Frank, le fils cadet de Bernard, est complètement coupé de Bernard. En cela, il cherche une identification avec son professeur de tennis Ivan ( William Baldwin ), qui est le petit ami actuel de Joan. Frank cherche à tout prix à se détacher complètement de Bernard, soit en déclarant que ses traits physiques sont les mêmes que ceux de sa mère, soit en se proclamant « philistin », expression que son père utilise contre Ivan, pour l'accuser de pas intéressé par les livres et les films. Être philistin signifie, pour Frank, être différent de son père et c'est ce qu'il veut, différent de Walt qui idolâtre son père.
La séparation de ses parents et l'obligation de passer une journée dans chaque maison ont de graves conséquences pour le garçon, qui se met à boire de la bière et autres boissons alcoolisées à la maison, sans que ses parents s'en aperçoivent, et à se masturber dans les lieux publics et répandre son sperme par l'école. La scène dans laquelle les parents sont appelés à l'école montre leur mépris pour Frank. Ils n'ont aucune idée de ce qui se passe avec l'enfant et sont déjà allés jusqu'à le laisser seul à la maison pendant plusieurs heures pendant que la mère voyage avec son petit ami et que le père dîne avec Walt et Sophie. Sans s'identifier à son père et sans trouver la force et la présence dont il a besoin en ce moment chez sa mère, Frank continue seul dans l'intrigue, jouant dans des scènes solitaires et ne recevant de l'attention que de son frère.
D'après Luiz Castilho du site Cinématologie, Baumbach utilise la caméra en main, créant une proximité du public avec la situation, le transformant en spectateur omniprésent, amplifiant encore plus le drame dépeint à ce moment-là.
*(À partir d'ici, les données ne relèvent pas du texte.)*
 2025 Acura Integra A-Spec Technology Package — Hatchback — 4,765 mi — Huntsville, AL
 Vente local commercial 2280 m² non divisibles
Toujours selon lui, cependant, la photographie joue un rôle essentiel dans la configuration du décor du long métrage, en utilisant une palette de couleurs aux tons pastel afin de créer l'atmosphère de quelque chose du passé, comme un souvenir ou une histoire, donc à tel point que l'histoire se déroule dans les années 1980, qui, en plus d'être attendue, se démarque avec cette couche, ajoutant encore plus de valeur au film.
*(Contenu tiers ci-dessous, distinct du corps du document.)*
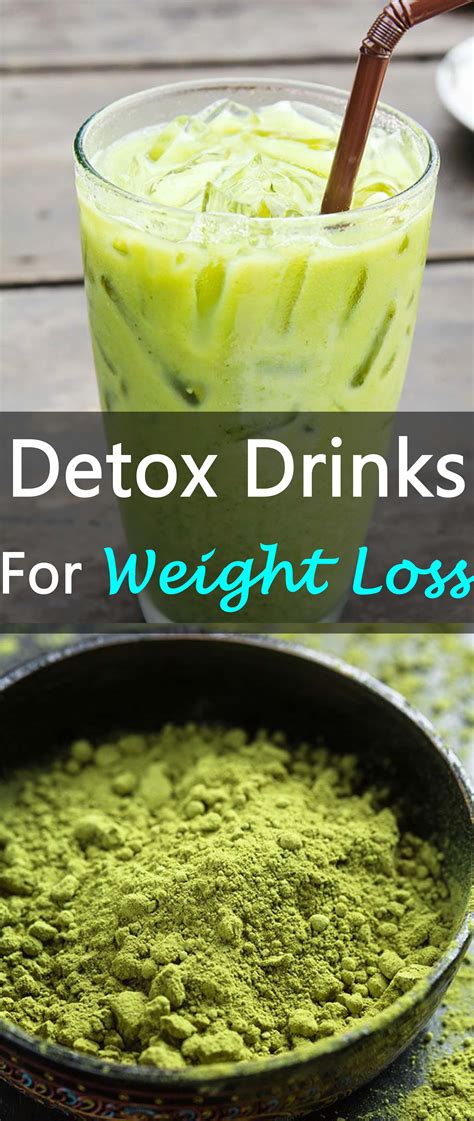 Making green tea detox drinks is a great way to boost your overall ...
Les performances sont exceptionnelles. Difficile de ne pas se sentir rance de la part de Jeff Daniels ; ne pas sympathiser avec Laura Linney; ne pas se voir dans la douleur des enfants qui cherchent une référence pour eux-mêmes. La bande son est littéralement un spectacle à part entière, les costumes dépeignent fidèlement les années 80 et la scénographie est très intimiste et vraie.
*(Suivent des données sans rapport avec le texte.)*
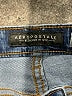 Aeropostale Hearts Blue Jeans Size 0 - photo 7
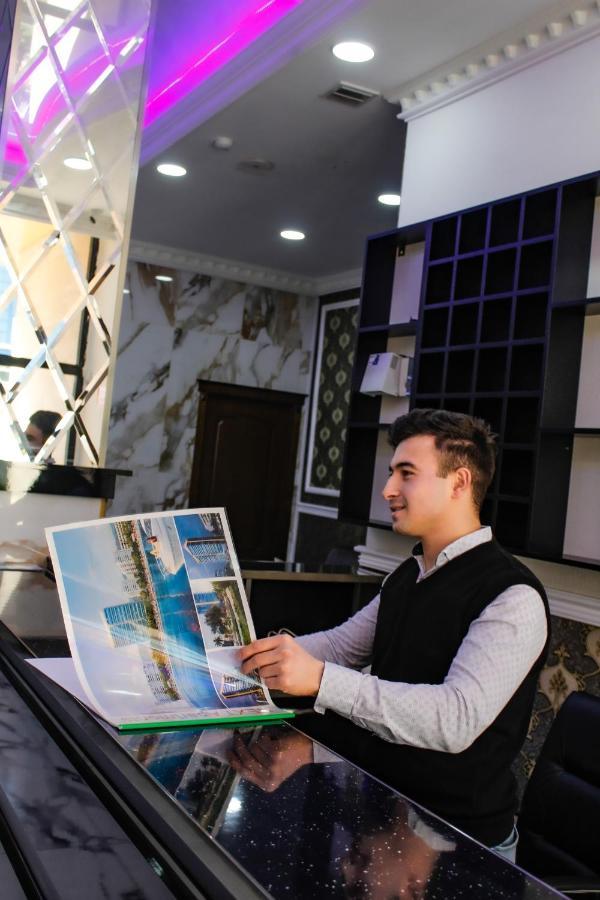 Emeg Hotel And Restaurant Batumi Eksteriør bilde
*Vanderlei Tenorio est un éditeur de page cinéma et géographie.
Référence
Le calmar et la baleine (Le calmar et la baleine)
États-Unis, 1986, 81 minutes.
Réalisé par : Noah Baumbach
Producteur : Wes Anderson
Avec : Jeff Daniels, Laura Linney, Anna Paquin, Jesse Eisenberg, Owen Kline.
Références :
BELMIRO, Marcia. "Quand les parents se séparent, comment aider leurs enfants". Institut pour la croissance de l'enfant et de l'adolescent. Rio de Janeiro, 23 mars 2021. Disponible sur :https://institutoinfantojuvenil.com.br/quando-os-pais-se-separam-como-auxiliar-os-filhos/>.
WELLEN, Erica. "Le calmar et la baleine: sur les séparations humaines et la distanciation sociale". MagazineBlogue Espace académique. Maringa, 23 mars. 2021. Disponible sur :https://espacoacademico.wordpress.com/2013/05/15/a-lula-e-a-baleia-sobre-separacoes-humanas-e-distanciamento-social/>.
CASTILLO, Louis. Examen de Le calmar et la baleine (Le calmar et la baleine) [2005]. Cinématologie. São Paulo, 23 mars. de 2021. Disponible sur : < https://cinematologia.com.br/cine/critica-a-lula-ea-baleia-the-squid-and-the-whale-2005/ >.
FÉRES-CARNEIRO, Terezinha. Mariage contemporain : la difficile coexistence de l'individualité avec la conjugalité. Psychologie Réflexion et Critique, Porto Alegre, vol. 11, nono.2, p. 06-07, 1998.